非国民通信

ノーモア・コイズミ

そしてインテリは嫌い

2009-11-25 22:58:44 | ニュース

「科学技術の基盤崩壊」=予算削減に反対声明-9大学トップ(時事通信)

 科学技術予算の大幅削減を求めた政府の行政刷新会議の事業仕分けを受け、9大学の学長らが24日、東京都内で記者会見を開いた。この場で、学術・科技予算縮小に反対する共同声明を発表。「日本の大学への公的投資は経済協力開発機構(OECD)諸国中で最低水準だ。さらに削減されれば、科学技術立国の基盤の崩壊に至る」と強い危機感を訴えた。

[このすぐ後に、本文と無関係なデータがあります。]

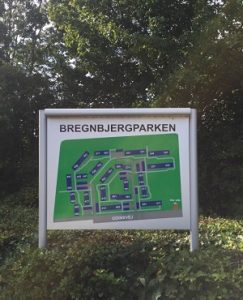 Oversigtsplan ved Bregnbjergparken
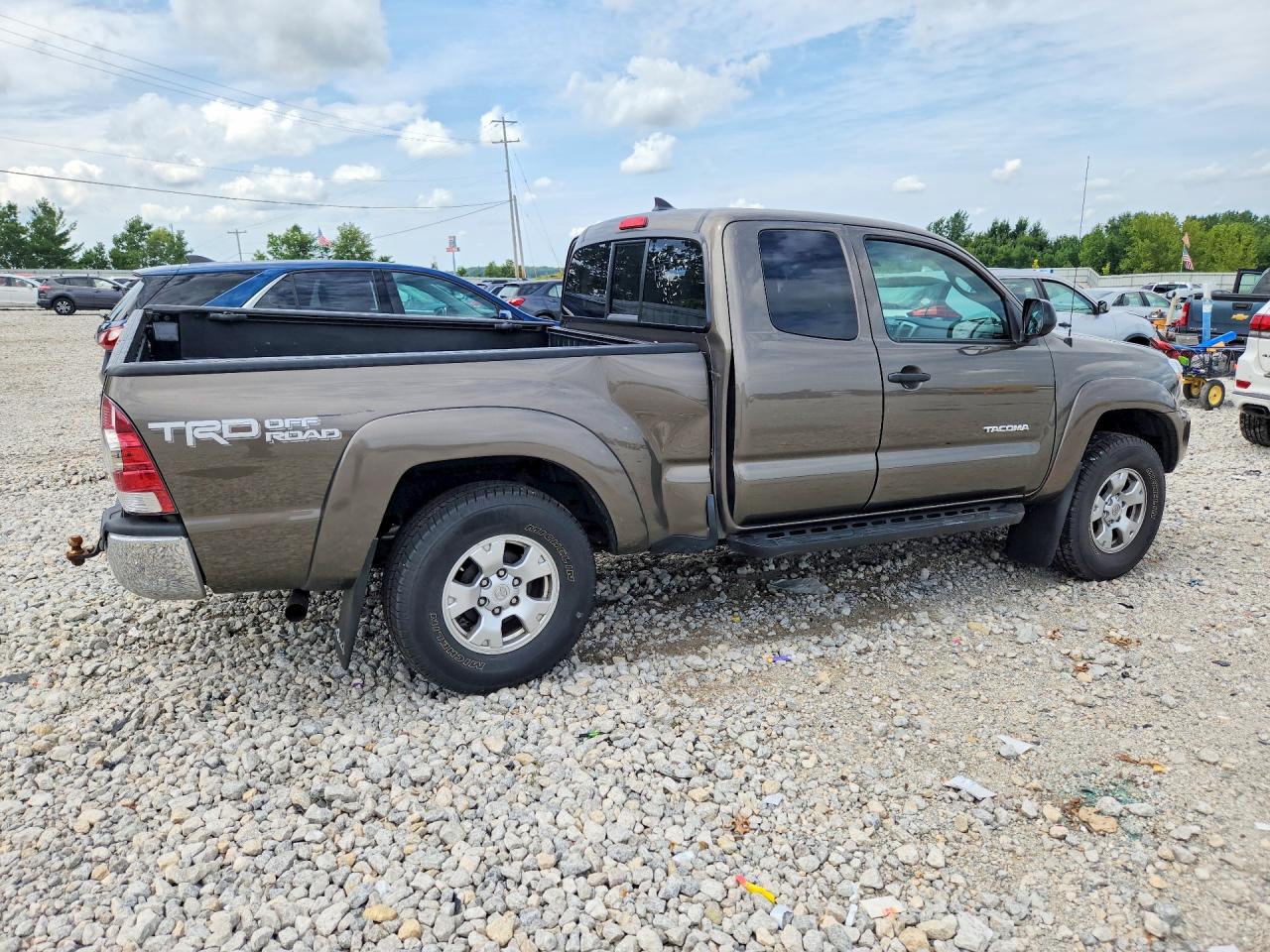 2014 Toyota Tacoma V6 Brown vin: 5TFUU4ENXEX103703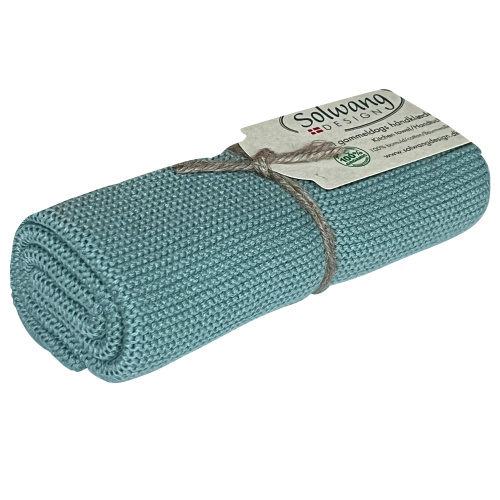Solwang gebreide handdoek - Arctisch groen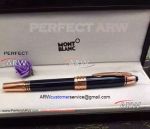 Perfect Replica AAA Montblanc JFK Special Edition Black&Rose Gold Fineliner
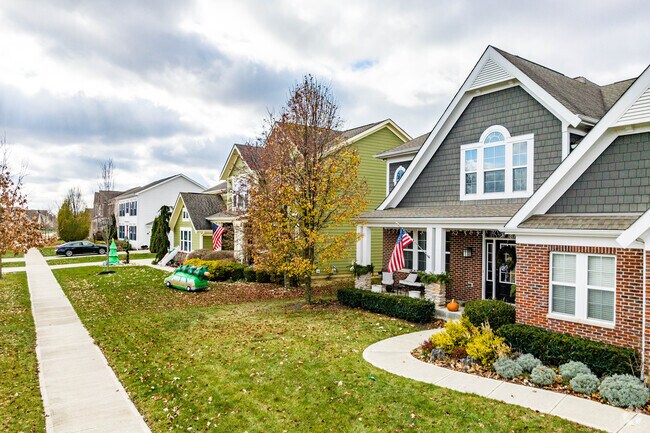 Many Berlin homes have tasteful landscaping.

 出席したのは東京、京都大など旧7帝大の学長と早稲田大総長、慶応大塾長の9人。国私立の有名校トップがそろって会見するのは異例だ。

 東大の浜田純一学長は「わたしたちはこれまで世界と激しく競争し、成果を還元するよう全力で努力してきた」と強調。予算削減の動きを「見過ごすことはできない」と批判した。

 慶大の清家篤塾長は「気候変動、少子化などで人類社会の持続可能性に赤信号がともる中、日本の発展だけでなく、世界に貢献しないといけない。長期的な基礎研究は非常に重要だ」と力説した。 

 何が来ようが問答無用で切り捨てるとばかりの勢いで事業仕分けが進められ、結構な喝采を浴びているとのことですが、とりわけ割を食いやすそうな業界からは当然の反論も出てきたようです。言うまでもなく大学でやっているような研究なんて、直接の経済的利益に結びつくようなものは少数派ですから、現行の仕分け基準では分が悪い、必殺仕分け人のご機嫌を取れるような回答など出せるはずもないだけに正念場です。元より日本の場合、教育と経済的な成功との関連性が薄い、下手に大学院など進学しようものなら就業機会が激減してしまうなんて事情もあるくらいですし。

 大学に限らず日本の教育予算の少なさはつとに有名ですが、教育はムダだという考え方も強いのかも知れません。学歴や学校歴はそれなりに重視されますけれど、何を学んだかまでは問われない、むしろ「学校で学んだことなど役に立たない」という感覚こそ日本の企業社会において定説化しているのではないでしょうか。「社会人」に「なる」に当たって「いつまでも学生気分ではダメだ」と良く言われるものですが、それだけアカデミックな領域は軽んじられているということです。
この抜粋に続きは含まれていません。